A recent Wall Street Journal blog post highlighted a new approach to solar financing. Diamond Castle Holdings LLC has committed up to $225 million of equity to KDC Solar LLC to develop solar projects in New Jersey. The company will finance the project completely with equity, which will give them increased freedom with their SRECs over the more traditional method of financing solar projects by taking out debt.
The genius behind this strategy from an SREC perspective is simple: most solar projects today are financed with debt. The off-taker of that debt requires an SREC contract with a suitable counter-party. Bilateral long-term contracts have been hard to come by and have traded at a significant discount to ACP levels. This is one reason we’ve seen such growth in our long-term SREC contract markets and Diamond Castle is solving the problem yet another way. Rather than giving up this value, it seems the private equity firm is forgoing the leverage and financing the projects with equity suggesting they believe the discount in a long-term SREC contracts wipes out the benefit of taking on leverage.
This groundbreaking strategy could prove influential in SREC markets moving forward, illustrating an alternative model for the financing of solar projects. It highlights the issues that many developers face in financing projects in the SREC market world. More importantly, it demonstrates that despite the challenges created by a market-based structure for subsidizing solar, private industry will always find a solution. This is at the core of why the U.S. favors SREC markets over the state-controlled Feed-In-Tariffs that are popular abroad. A fixed subsidy for solar energy may be a whole lot easier to implement on day one, but in the long-run, a successful market-based mechanism is an optimum solution (not to mention, far more American).

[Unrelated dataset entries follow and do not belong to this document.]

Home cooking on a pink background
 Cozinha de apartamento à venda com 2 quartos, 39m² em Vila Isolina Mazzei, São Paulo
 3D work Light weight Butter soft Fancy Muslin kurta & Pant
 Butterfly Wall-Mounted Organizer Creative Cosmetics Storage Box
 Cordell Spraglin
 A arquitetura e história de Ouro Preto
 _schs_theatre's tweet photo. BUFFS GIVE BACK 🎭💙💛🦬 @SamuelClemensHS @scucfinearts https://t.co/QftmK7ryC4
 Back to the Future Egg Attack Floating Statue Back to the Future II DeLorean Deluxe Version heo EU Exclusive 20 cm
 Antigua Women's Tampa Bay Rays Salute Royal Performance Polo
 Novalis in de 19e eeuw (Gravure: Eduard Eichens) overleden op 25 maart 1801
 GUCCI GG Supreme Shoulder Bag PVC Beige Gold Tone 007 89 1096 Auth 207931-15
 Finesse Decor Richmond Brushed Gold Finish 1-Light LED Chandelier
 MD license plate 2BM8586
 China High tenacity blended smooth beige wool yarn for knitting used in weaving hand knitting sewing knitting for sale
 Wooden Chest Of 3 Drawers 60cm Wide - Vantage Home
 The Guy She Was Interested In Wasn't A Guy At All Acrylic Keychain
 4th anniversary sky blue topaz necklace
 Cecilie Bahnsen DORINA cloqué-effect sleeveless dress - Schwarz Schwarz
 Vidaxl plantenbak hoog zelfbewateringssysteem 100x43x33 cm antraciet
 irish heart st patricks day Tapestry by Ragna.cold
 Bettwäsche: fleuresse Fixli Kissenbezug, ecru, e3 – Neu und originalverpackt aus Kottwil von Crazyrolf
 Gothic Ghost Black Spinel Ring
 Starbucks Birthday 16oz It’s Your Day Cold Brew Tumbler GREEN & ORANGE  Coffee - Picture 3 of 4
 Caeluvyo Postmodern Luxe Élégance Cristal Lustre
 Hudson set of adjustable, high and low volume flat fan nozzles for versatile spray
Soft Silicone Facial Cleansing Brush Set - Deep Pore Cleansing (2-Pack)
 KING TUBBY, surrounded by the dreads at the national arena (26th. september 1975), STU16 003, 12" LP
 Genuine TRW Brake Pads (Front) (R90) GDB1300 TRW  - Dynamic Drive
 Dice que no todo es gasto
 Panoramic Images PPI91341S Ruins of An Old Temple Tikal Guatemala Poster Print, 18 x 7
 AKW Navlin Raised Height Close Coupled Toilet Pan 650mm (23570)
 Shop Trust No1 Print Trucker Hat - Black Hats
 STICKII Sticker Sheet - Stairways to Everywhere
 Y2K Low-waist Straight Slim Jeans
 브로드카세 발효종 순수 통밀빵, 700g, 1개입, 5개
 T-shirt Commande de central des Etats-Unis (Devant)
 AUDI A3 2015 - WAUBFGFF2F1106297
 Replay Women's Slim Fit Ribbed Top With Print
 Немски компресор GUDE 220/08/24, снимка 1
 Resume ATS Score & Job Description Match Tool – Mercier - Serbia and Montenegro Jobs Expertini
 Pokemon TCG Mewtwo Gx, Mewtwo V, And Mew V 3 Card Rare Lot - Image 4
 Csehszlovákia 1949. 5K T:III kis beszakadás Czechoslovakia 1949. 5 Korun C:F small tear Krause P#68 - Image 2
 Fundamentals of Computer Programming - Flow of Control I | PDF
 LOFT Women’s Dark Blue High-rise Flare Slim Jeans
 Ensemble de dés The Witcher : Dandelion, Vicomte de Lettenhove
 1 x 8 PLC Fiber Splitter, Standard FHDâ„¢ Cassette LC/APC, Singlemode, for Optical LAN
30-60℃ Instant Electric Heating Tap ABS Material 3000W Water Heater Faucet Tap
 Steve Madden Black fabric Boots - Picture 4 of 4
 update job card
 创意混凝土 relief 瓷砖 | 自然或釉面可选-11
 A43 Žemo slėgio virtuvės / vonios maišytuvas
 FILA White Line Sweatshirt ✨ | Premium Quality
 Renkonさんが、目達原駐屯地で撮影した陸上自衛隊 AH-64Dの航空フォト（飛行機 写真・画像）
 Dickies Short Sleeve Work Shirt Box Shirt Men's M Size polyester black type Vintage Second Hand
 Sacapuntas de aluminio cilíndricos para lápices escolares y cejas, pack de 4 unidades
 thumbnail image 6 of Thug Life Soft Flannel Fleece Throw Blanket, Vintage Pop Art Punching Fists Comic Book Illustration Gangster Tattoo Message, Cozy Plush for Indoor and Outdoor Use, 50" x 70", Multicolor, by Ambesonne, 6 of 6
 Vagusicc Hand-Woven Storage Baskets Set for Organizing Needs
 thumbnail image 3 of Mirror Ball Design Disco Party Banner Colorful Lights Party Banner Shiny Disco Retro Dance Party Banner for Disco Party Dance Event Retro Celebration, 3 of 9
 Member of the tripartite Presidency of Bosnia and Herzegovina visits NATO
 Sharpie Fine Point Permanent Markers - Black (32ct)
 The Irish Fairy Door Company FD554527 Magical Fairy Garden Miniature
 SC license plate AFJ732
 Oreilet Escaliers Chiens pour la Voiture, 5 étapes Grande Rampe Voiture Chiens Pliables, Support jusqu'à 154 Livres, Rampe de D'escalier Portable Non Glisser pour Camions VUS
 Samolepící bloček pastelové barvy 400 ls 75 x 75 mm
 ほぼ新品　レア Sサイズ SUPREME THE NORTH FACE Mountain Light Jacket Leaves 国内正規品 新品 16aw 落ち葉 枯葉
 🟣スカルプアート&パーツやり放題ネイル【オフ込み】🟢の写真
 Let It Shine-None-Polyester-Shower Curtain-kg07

When New Jersey passed the 2010 version of its SREC program, the most important takeaway wasn’t the increasing of the requirements, the creation of a safety net or the extension of the program through 2026: it was the overall statement coming from the legislature that this program is here to stay and it is only getting stronger. Now it is time for the industry to come up with its own solutions for playing within the parameters of the SREC market. The companies that solve those solutions creatively will be successful while the rest wait around for something to change. Hopefully the banks will find a way to participate, but until they do, firms like Diamond Castle will lead the way.